- [Input for this task]:
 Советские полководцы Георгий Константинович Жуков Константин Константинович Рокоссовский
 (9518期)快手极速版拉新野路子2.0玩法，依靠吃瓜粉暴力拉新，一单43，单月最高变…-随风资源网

...

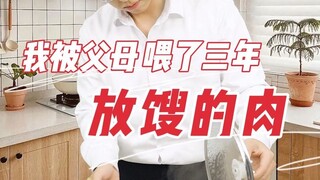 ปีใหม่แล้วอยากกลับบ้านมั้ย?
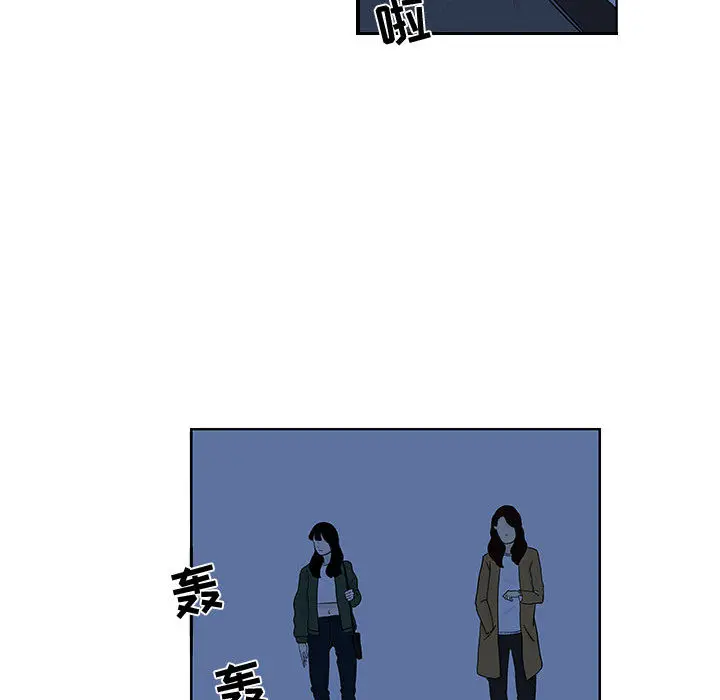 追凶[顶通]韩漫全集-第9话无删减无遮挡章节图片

- [What to work on]: Lines from the one above containing "ปีใหม่แล้วอยากกลับบ้านมั้ย?" down to the one containing "追凶[顶通]韩漫全集-第9话无删减无遮挡章节图片" should be transcribed exactly, with both ends kept and no pictures.

- [Result below]:
 ปีใหม่แล้วอยากกลับบ้านมั้ย?
 追凶[顶通]韩漫全集-第9话无删减无遮挡章节图片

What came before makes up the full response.